ISLAMABAD - Besides plea Mian Nawaz Sharif and his daughter Maryam Nawaz against their conviction in Avenfield reference, a division bench of Islamabad High Court will today also resume hearing in an application of the former premier requesting the court to hear his and his family members’ suspension petitions before appeals against the sentence.
The IHC bench comprising Justice Athar Minallah and Justice Mohsin Akhtar Kayani had previously ruled while issuing notices to National Accountability Bureau that the court would take up on September 10 the instant application and appeals of Sharif family against their July 6 conviction in Avenfield case.
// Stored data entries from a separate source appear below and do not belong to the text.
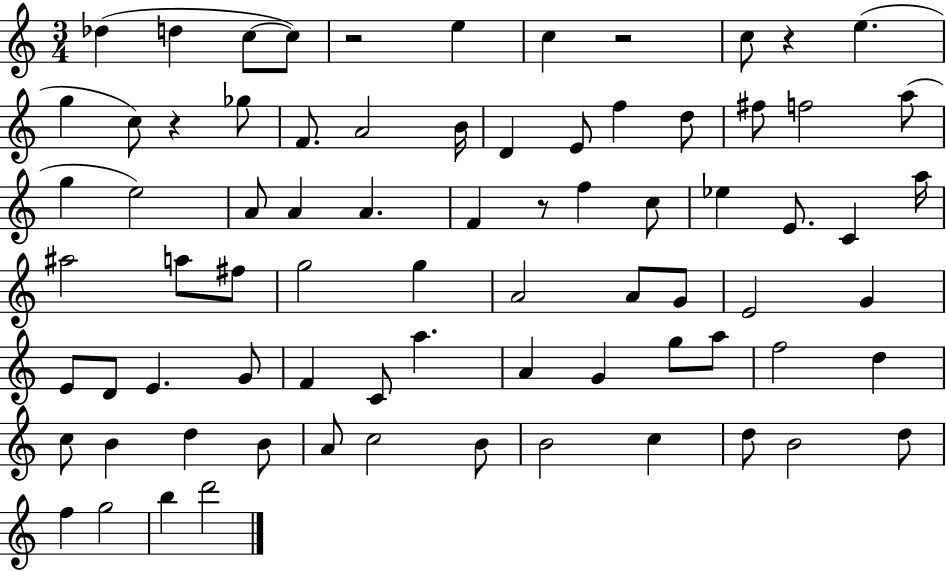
Db5/q D5/q C5/e C5/e R/h E5/q C5/q R/h C5/e R/q E5/q. G5/q C5/e R/q Gb5/e F4/e. A4/h B4/s D4/q E4/e F5/q D5/e F#5/e F5/h A5/e G5/q E5/h A4/e A4/q A4/q. F4/q R/e F5/q C5/e Eb5/q E4/e. C4/q A5/s A#5/h A5/e F#5/e G5/h G5/q A4/h A4/e G4/e E4/h G4/q E4/e D4/e E4/q. G4/e F4/q C4/e A5/q. A4/q G4/q G5/e A5/e F5/h D5/q C5/e B4/q D5/q B4/e A4/e C5/h B4/e B4/h C5/q D5/e B4/h D5/e F5/q G5/h B5/q D6/h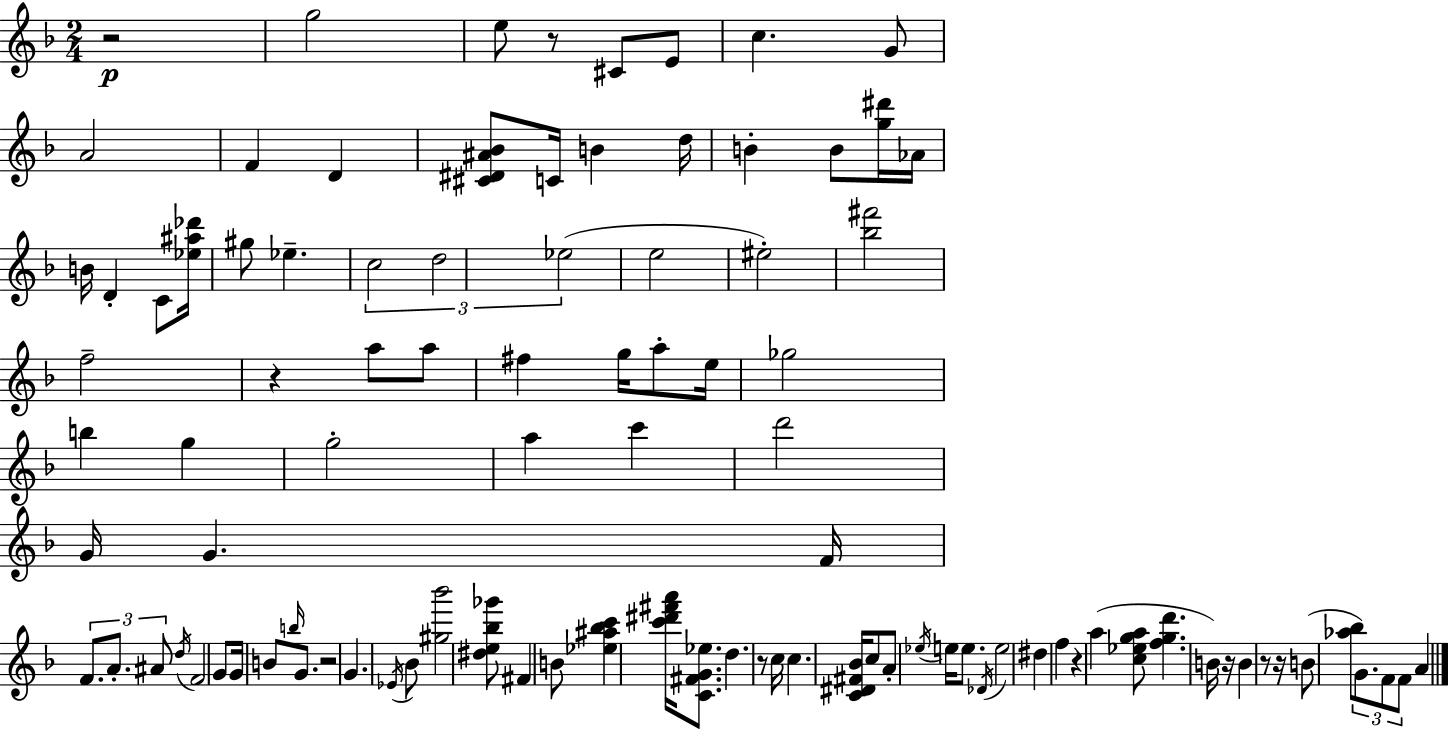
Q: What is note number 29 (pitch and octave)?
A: F#5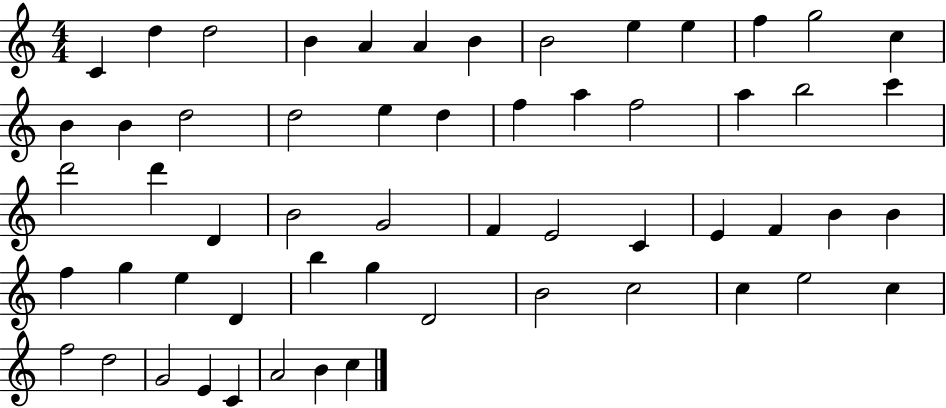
C4/q D5/q D5/h B4/q A4/q A4/q B4/q B4/h E5/q E5/q F5/q G5/h C5/q B4/q B4/q D5/h D5/h E5/q D5/q F5/q A5/q F5/h A5/q B5/h C6/q D6/h D6/q D4/q B4/h G4/h F4/q E4/h C4/q E4/q F4/q B4/q B4/q F5/q G5/q E5/q D4/q B5/q G5/q D4/h B4/h C5/h C5/q E5/h C5/q F5/h D5/h G4/h E4/q C4/q A4/h B4/q C5/q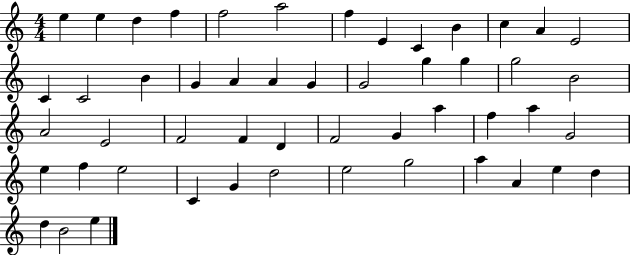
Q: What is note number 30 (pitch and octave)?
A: D4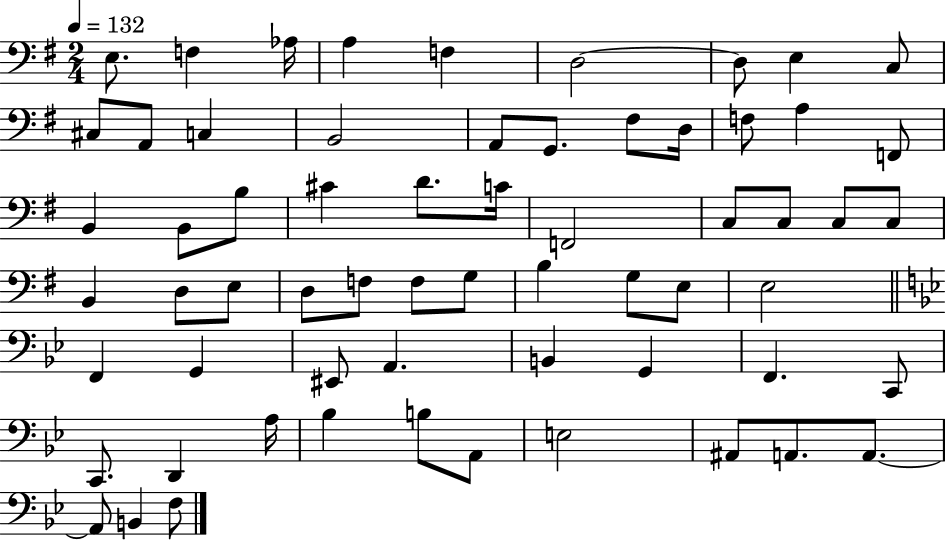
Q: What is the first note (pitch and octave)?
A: E3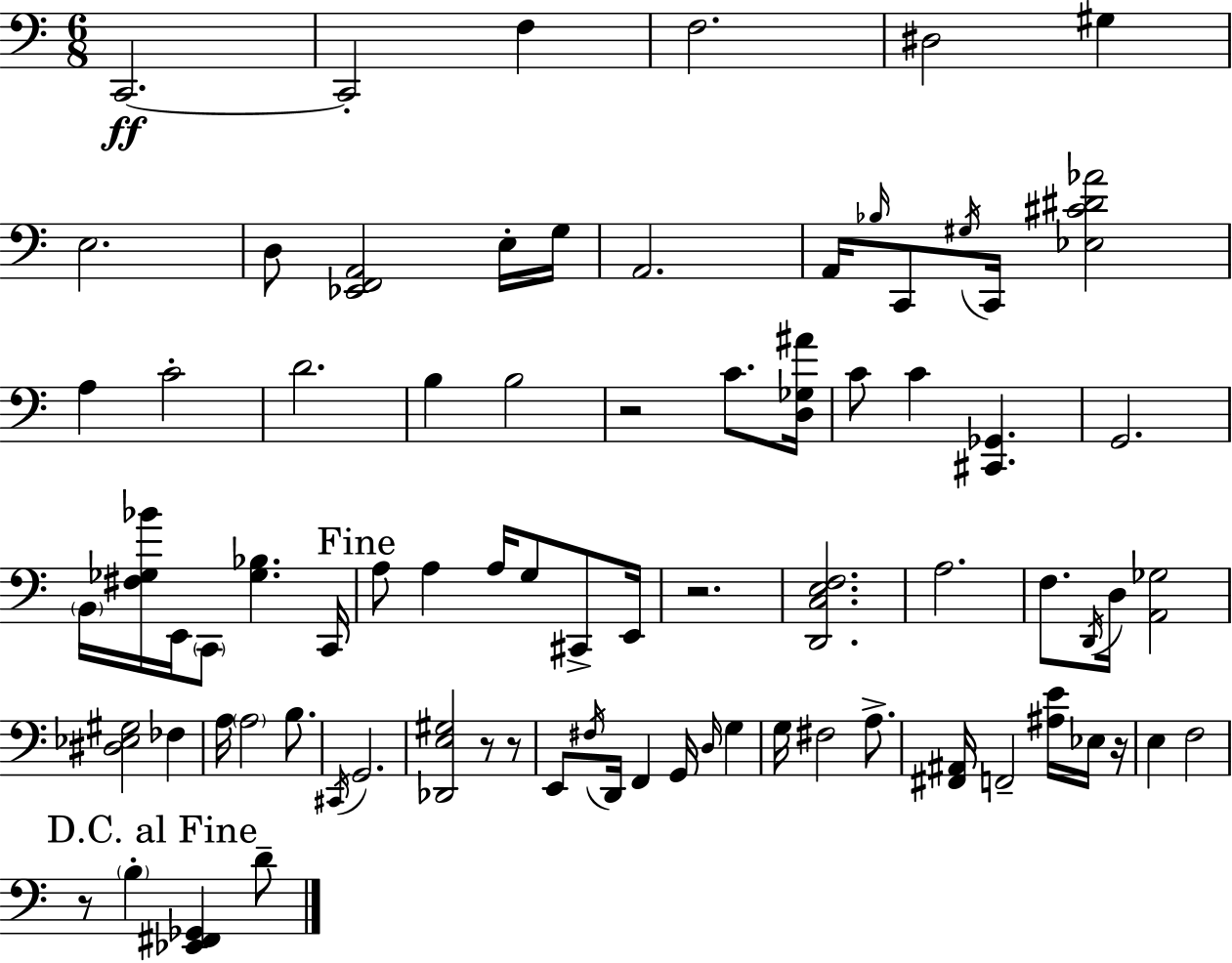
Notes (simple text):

C2/h. C2/h F3/q F3/h. D#3/h G#3/q E3/h. D3/e [Eb2,F2,A2]/h E3/s G3/s A2/h. A2/s Bb3/s C2/e G#3/s C2/s [Eb3,C#4,D#4,Ab4]/h A3/q C4/h D4/h. B3/q B3/h R/h C4/e. [D3,Gb3,A#4]/s C4/e C4/q [C#2,Gb2]/q. G2/h. B2/s [F#3,Gb3,Bb4]/s E2/s C2/e [Gb3,Bb3]/q. C2/s A3/e A3/q A3/s G3/e C#2/e E2/s R/h. [D2,C3,E3,F3]/h. A3/h. F3/e. D2/s D3/s [A2,Gb3]/h [D#3,Eb3,G#3]/h FES3/q A3/s A3/h B3/e. C#2/s G2/h. [Db2,E3,G#3]/h R/e R/e E2/e F#3/s D2/s F2/q G2/s D3/s G3/q G3/s F#3/h A3/e. [F#2,A#2]/s F2/h [A#3,E4]/s Eb3/s R/s E3/q F3/h R/e B3/q [Eb2,F#2,Gb2]/q D4/e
Sharif through his counsel Khawaja Haris had sought fixation of the petition filed for suspension of the verdict in the Avenfield reference.
The dual bench of the IHC comprising Justice Athar Minallah and Justice Miangul Hassan Aurangzeb will conduct hearing into the appeals of Nawaz Sharif, Maryam Nawaz and Captain (R) Safdar.
Khawaja Haris and Amjad Pervez advocates filed the appeals challenging the Accountability Court (AC)’s verdict in Avenfield property reference and requested the court to declare the verdict as null and void.
In the appeals, the appellants contended that from a comparison of the allegations made in the initially-filed interim reference dated 08.09.2017 and the allegations made in supplementary reference dated 12.01.2018, it was clear that the same were different from each other. As such, it was incumbent on the learned trial judge to have re-framed the charge after the receipt of supplementary reference, and his failure to do so too vitiates the trial, especially since, as is evident from the record of the case, the trial court has proceeded to record conviction of the accused on the basis of the allegations as contained in the supplementary reference and not on basis of the allegations to which he was put to notice as per the charge framed against him on 08.11.2017.
They contended that the judgment purports to convict the appellant for acquiring assets described as flats No.16, 16A, 17 and 17A, Park Lane, London (known as Avenfield properties) that are allegedly beyond his known sources of income, but nowhere in the judgment or, for that matter, in the evidence brought on the record by the prosecution is there any indication of the value of the Avenfield properties at the time it is alleged to have been purchased by the appellant.
According to the appeal, under the law as laid down by the Supreme Court of Pakistan, the onus is on the prosecution to prove, in the first instance, essential ingredients of the offence falling under Section 9(a) (v) of the NAO, 1999, establishing that the assets in question belong to the accused, and it is only after the prosecution has discharged this onus, and proved that the accused person or any other person on his behalf is in possession of assets disproportionate to his known sources of income, that a presumption can be drawn in terms of Section 14 (c) of the NAO, 1999, thereby shifting the onus on the accused to explain the sources from which he might have acquired the assets in questions.
“The prosecution having failed to discharge its onus as regards proof of the ingredients of the offence as detailed hereinabove, the trial court erred in invoking provisions of Section 14 (c) of NAO 1999 to raise a presumption against the appellant, and as such, the judgment, conviction and sentence passed against the appellant are manifestly illegal and liable to be set aside as such,” maintained the appeal.
Maryam in her appeal argued that the prosecution had failed to furnish any oral account in support of its case whereas the entire documentary evidence produced by it was inadmissible for want of formal proof or being attestation of copies or being photocopies.
The appellant adopted that the only evidence regarding beneficial ownership of the London apartments was letter of financial investigation agency of British Virgin Island that it wrote to Mossack Fonseca and received a reply in 2012. However, the prosecution failed to adduce any evidence worth name to vouch safe the contents of the disputed letters.
Maryam said in her appeal that this letter could not be treated as incriminating evidence. She said that the trial court had felt it convenient to seek aid of presumptions for passing the judgment which could not have been invoked without fulfilment of statutory requirements of requisite proof as to necessary ingredients of the offence under section 9(a) (v).
Therefore, it was prayed that the court might set-aside the judgment, conviction and sentence awarded to the appellants by the Accountability Court, Islamabad and they might be acquitted of all the charges framed against them in the reference.